大西亜玖璃さんから手を差し伸べられました

 十月某日、幕張メッセにて。

 A•ZU•NAのライブ&ファンミーティングに参加してきました。ファンミーティングパートではキャスト同士のやりとりに終始ニコニコしていたり、ライブパートでは様々な曲調の楽曲から七変化ユニットたるA•ZU•NAらしさを存分に感じとったりしていました。そして何より、座席がスタンド最前列ということもあり、トロッコに乗って会場を回るキャストとの距離が非常に近かったことが大変嬉しかったです。

 そして、ライブも最終盤、「全速ドリーマー」で今後一生忘れることのない出来事が起きます。私は基本的にライブ中よく手を斜め上方に突き出すような応援スタイルをとっているのですが、その時はトロッコにキャストが乗っていたこともあり、せっかくなので上ではなくキャストの方に手を突き出してみようと思いました。
 そうしていると、段々とトロッコに乗った大西亜玖璃さんが間近に近づいてきます。そして、本当に自分の目の前に差し掛かるという段階で、大西さんがこちらへと振り向きました。
 こちらを見た大西さんは、サッと、私の方へと腕を伸ばしていました。最初は曲のフリとこちらのタイミングが偶然一致しただけだと思っていましたが、大西さんの吸い込まれるような瞳が私をまっすぐに見つめていました。
 それを自覚した瞬間、私の中で全ての時が止まりました。そして、その停止した時の中でじわじわと実感が湧いてきます。「あれ、もしかして俺に手を伸ばしてくれている……?」と。もう、私はその瞳から目を離せなくなりました。衣装が「Say Good-Bye 涙」であり、表情もキリッとした凛々しい表情だったため、普段のかわいらしい印象とは大きく異なる、正しく「Say Good-Bye 涙」を歌う歩夢ちゃんのイメージそのものの大西さんがそこにいました。後に連番者に確認したところ、実際この場面は一瞬だったそうなのですが、少なくとも私にとってのそれは永遠とも言える一瞬でした。

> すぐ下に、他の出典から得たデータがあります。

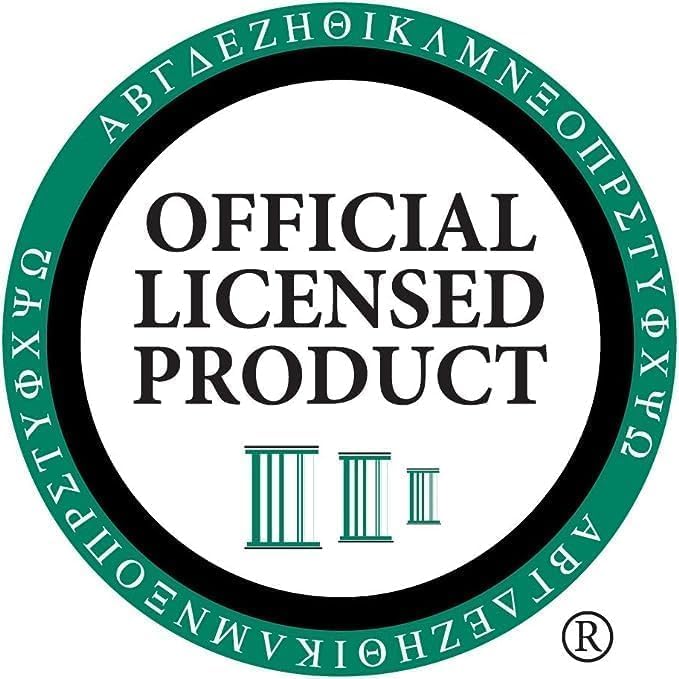 – Delta Zeta Sorority Merch – Sterling Silver Pendant with 18" Silver Chain and Cubic Zirconia Turtle Design – High-Quality Sorority Jewelry Gift - Image 2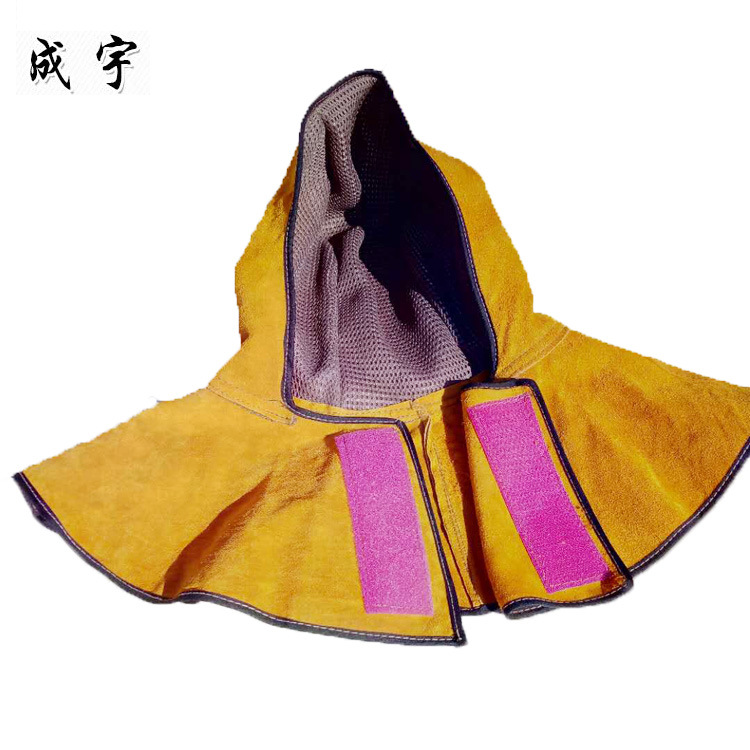 成宇主图6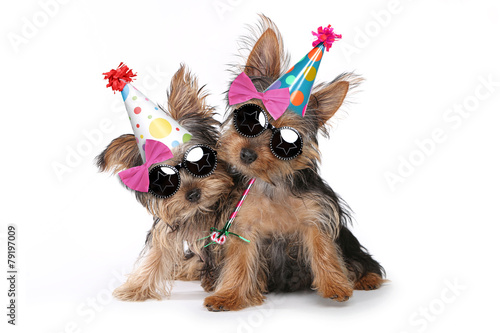 Canvas Print Birthday Theme Yorkshire Terrier Puppies on White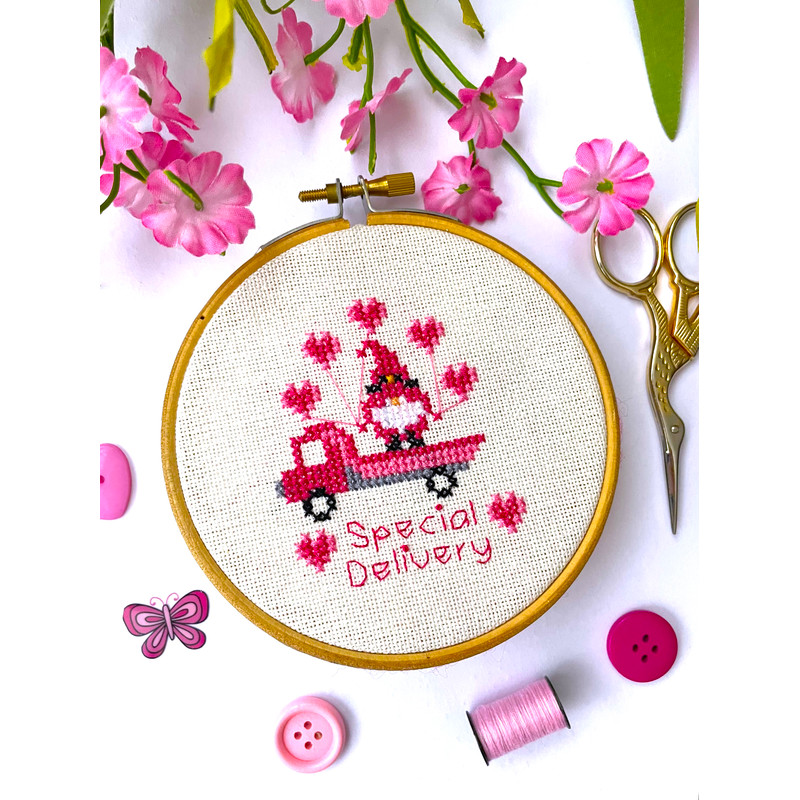 Gnome Special Delivery cover .jpg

 ライブが終了して今に至っても、あの瞬間が脳に焼き付いて離れません。もちろん、数あるファンサービスの中で、たまたま偶然自分にそれが向けられたのだということはわかっていますが、それでも向けられた側からすればこの上なく特別なものとなりました。おそらく、これから「全速ドリーマー」を聞くたびにあの瞬間がフラッシュバックしてきそうなので、まともな精神状態で曲を聞くことはできなくなるでしょう。キャストからのファンサービスがこんなにも魂を揺さぶってくるものだった、という至上の体験を与えていただいた大西亜玖璃さんにただただ感謝しております。